The makeup of a horses muscle type fibre can depend on the breed and genetics of the horse and may help to determine what discipline a horse may be good at. For instance a horse that has mainly type I and II a fibres may be better at endurance activities than a horse with more II b fibres which may be more suited to sprinting or fast bursts of energy.

Short-term muscular responses that occur during exercise are:

Oxygen uptake, this increases from about 5ml per minute to 160ml per minute, when high intensity exercise is occurring, in a normal racehorse. This happens because more oxygen needs to be delivered to the muscles that are used for locomotion, so that they can work and make ATP for aerobic respiration. As there is a lag time of around ten to fifteen minutes for the horse to start working aerobically; most racehorses will be working anaerobically for the duration of the race.

Blood flow increases dramatically to allow the oxygen to travel faster to the locomotory muscles needed to produce ATP for aerobic respiration in exercise. In horses the blood flow increases from 4 litres per minute to 200 litres per minute when the body is a maximum cardiac output.

Temperature of the horse rises because the muscles are contracting faster, and warming them up. Because of the horse moving its body faster and the muscles warming up, body temperature rises by 1 degree. Although 80% energy is lost through heat and only 20% used for locomotion.

If horses use all of their energy stores in all muscle fibre types and anaerobically they can convert fat stores into energy, this happens while the horse is exercising, because the horse has a big supply of fatty acid stores they are unlikely to ever be all used up.

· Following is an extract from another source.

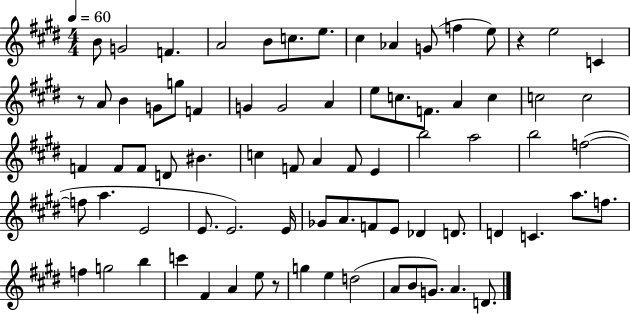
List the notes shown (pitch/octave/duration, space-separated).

B4/e G4/h F4/q. A4/h B4/e C5/e. E5/e. C#5/q Ab4/q G4/e F5/q E5/e R/q E5/h C4/q R/e A4/e B4/q G4/e G5/e F4/q G4/q G4/h A4/q E5/e C5/e. F4/e. A4/q C5/q C5/h C5/h F4/q F4/e F4/e D4/e BIS4/q. C5/q F4/e A4/q F4/e E4/q B5/h A5/h B5/h F5/h F5/e A5/q. E4/h E4/e. E4/h. E4/s Gb4/e A4/e. F4/e E4/e Db4/q D4/e. D4/q C4/q. A5/e. F5/e. F5/q G5/h B5/q C6/q F#4/q A4/q E5/e R/e G5/q E5/q D5/h A4/e B4/e G4/e. A4/q. D4/e.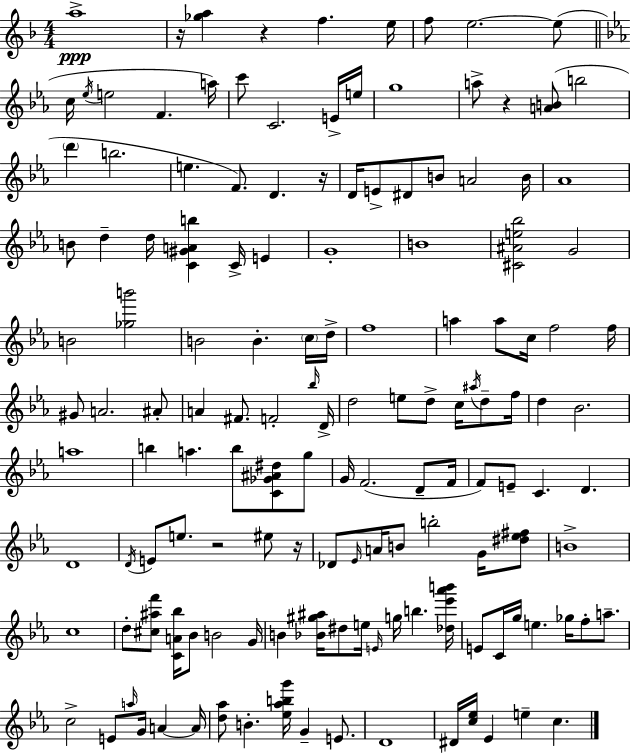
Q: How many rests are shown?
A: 6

Short-term exercise responses are those that return back to the body’s normal levels after exercise has stopped, and oxygen does not need to be rushed around the horse’s body to the muscles. Long term training responses however, are adaptations that happen to the horse’s body because of repeated sessions of exercise, which do not return unless the horse is left and not exercised for a long time, even then they will have a better fitness than a horse that has never trained before.
There are 3 types of adaptations that muscle fibres can develop into, the type of adaptation depends on the type of exercise, and also the time and frequency the exercise is performed for. The three types of adaptations are;

1. Hypertrophy, the myofibres stay the same in structural appearance but they just grow and increase in size.

2. Remodelling without hypertrophy, the myofibres change their structural characteristics, this also can change the microvasculature. This time the myofibers stay the same size.

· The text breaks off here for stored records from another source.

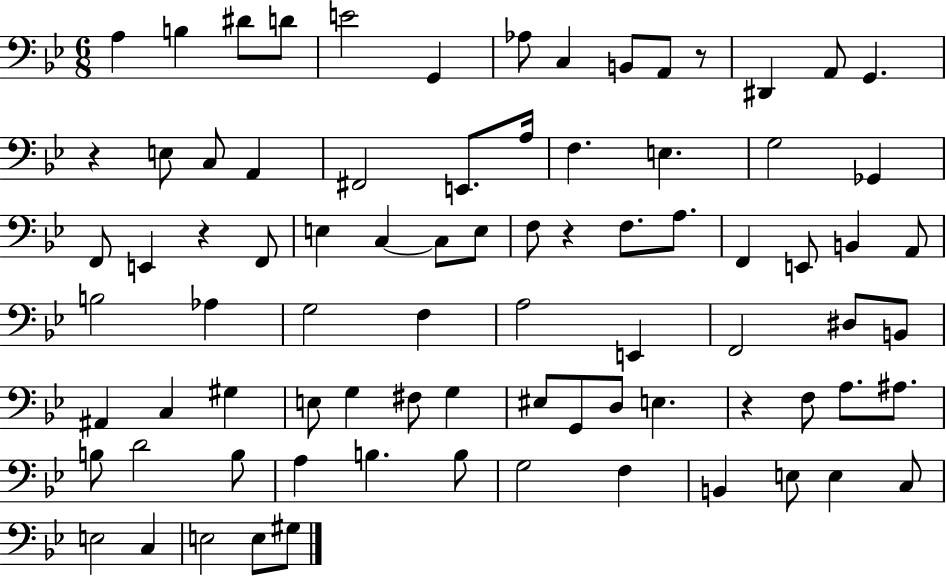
X:1
T:Untitled
M:6/8
L:1/4
K:Bb
A, B, ^D/2 D/2 E2 G,, _A,/2 C, B,,/2 A,,/2 z/2 ^D,, A,,/2 G,, z E,/2 C,/2 A,, ^F,,2 E,,/2 A,/4 F, E, G,2 _G,, F,,/2 E,, z F,,/2 E, C, C,/2 E,/2 F,/2 z F,/2 A,/2 F,, E,,/2 B,, A,,/2 B,2 _A, G,2 F, A,2 E,, F,,2 ^D,/2 B,,/2 ^A,, C, ^G, E,/2 G, ^F,/2 G, ^E,/2 G,,/2 D,/2 E, z F,/2 A,/2 ^A,/2 B,/2 D2 B,/2 A, B, B,/2 G,2 F, B,, E,/2 E, C,/2 E,2 C, E,2 E,/2 ^G,/2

3. Mixed response, hypertrophy and remodelling happen together.

In training the muscle contracts and relaxes at a higher speed than usual, this means type I slow-twitch fibres are encouraged to adapt. Type II a+b fibres show better training adaptations than the slower twitch fibres. This is because type II a+b fibres are used for higher intensity exercise than type I fibres, so they can adapt to become more efficient in working. Type II b fibres cannot change, but they can, however act more like II a fibres after training, there is also shown that the number of type one fibres decreases after training.

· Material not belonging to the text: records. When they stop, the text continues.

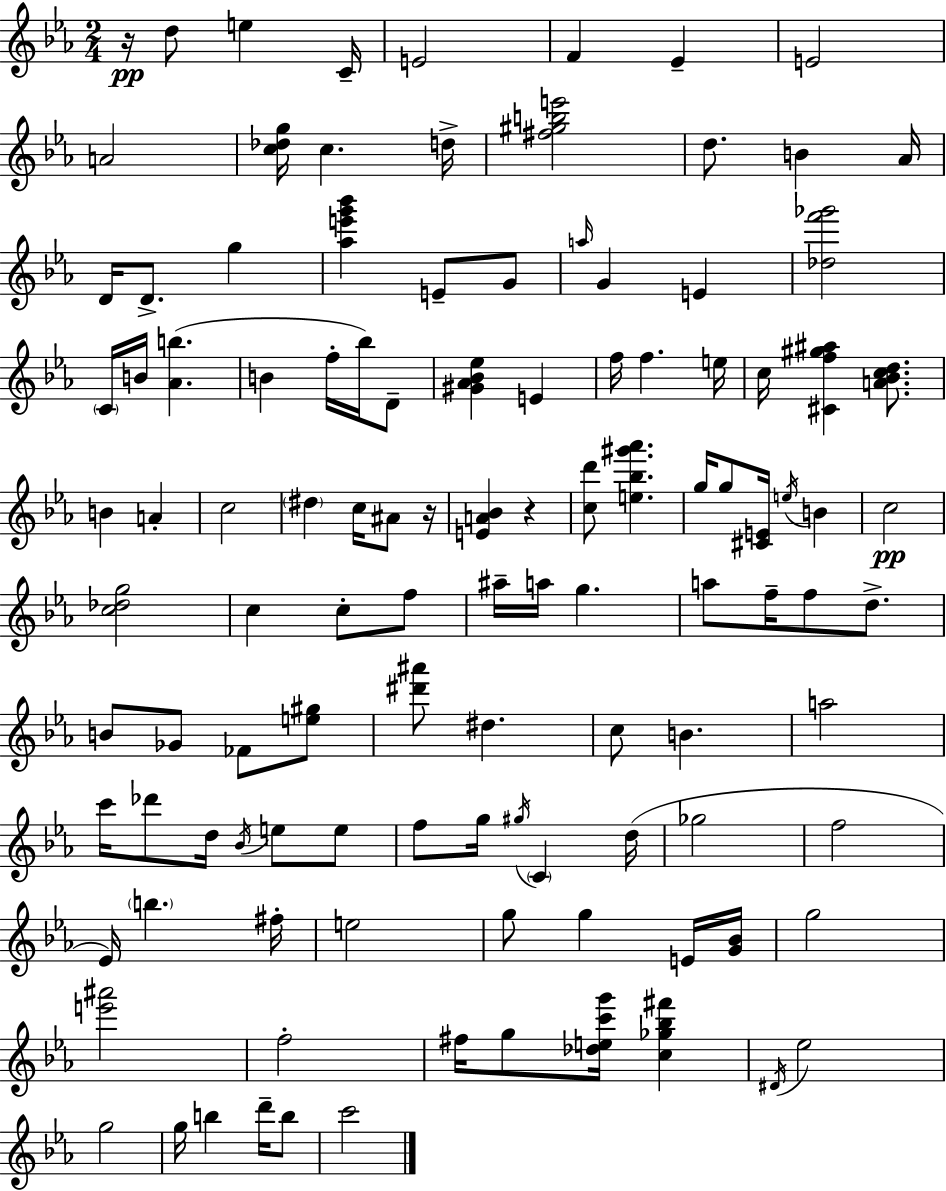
{
  \clef treble
  \numericTimeSignature
  \time 2/4
  \key c \minor
  r16\pp d''8 e''4 c'16-- | e'2 | f'4 ees'4-- | e'2 | \break a'2 | <c'' des'' g''>16 c''4. d''16-> | <fis'' gis'' b'' e'''>2 | d''8. b'4 aes'16 | \break d'16 d'8.-> g''4 | <aes'' e''' g''' bes'''>4 e'8-- g'8 | \grace { a''16 } g'4 e'4 | <des'' f''' ges'''>2 | \break \parenthesize c'16 b'16 <aes' b''>4.( | b'4 f''16-. bes''16) d'8-- | <gis' aes' bes' ees''>4 e'4 | f''16 f''4. | \break e''16 c''16 <cis' f'' gis'' ais''>4 <a' bes' c'' d''>8. | b'4 a'4-. | c''2 | \parenthesize dis''4 c''16 ais'8 | \break r16 <e' a' bes'>4 r4 | <c'' d'''>8 <e'' bes'' gis''' aes'''>4. | g''16 g''8 <cis' e'>16 \acciaccatura { e''16 } b'4 | c''2\pp | \break <c'' des'' g''>2 | c''4 c''8-. | f''8 ais''16-- a''16 g''4. | a''8 f''16-- f''8 d''8.-> | \break b'8 ges'8 fes'8 | <e'' gis''>8 <dis''' ais'''>8 dis''4. | c''8 b'4. | a''2 | \break c'''16 des'''8 d''16 \acciaccatura { bes'16 } e''8 | e''8 f''8 g''16 \acciaccatura { gis''16 } \parenthesize c'4 | d''16( ges''2 | f''2 | \break ees'16) \parenthesize b''4. | fis''16-. e''2 | g''8 g''4 | e'16 <g' bes'>16 g''2 | \break <e''' ais'''>2 | f''2-. | fis''16 g''8 <des'' e'' c''' g'''>16 | <c'' ges'' bes'' fis'''>4 \acciaccatura { dis'16 } ees''2 | \break g''2 | g''16 b''4 | d'''16-- b''8 c'''2 | \bar "|."
}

One of the first muscular adaptations to training is increased enzyme and aerobic metabolic activity of for example, the electron transport chain and fat oxidisation. Other responses include more efficient removal of waste products such as CO2 and improved oxygen diffusion. These changes are linked with increased capillary and mitochondria densities.

Training can also increase the amount of glycogen stored in the muscle, this delays onset to fatigue. Increased myoglobin content can lead to a greater oxygen storage capacity, also increased motor skills can occur, this enables the horse to move without using as much effort or energy.

There are also physiological effects of training and exercise to horses, these can be; heightened stress, especially at competition that can cause heightened cortisol levels in the blood. Training also can induce exercise induced ultra-structural damage in equine skeletal muscle.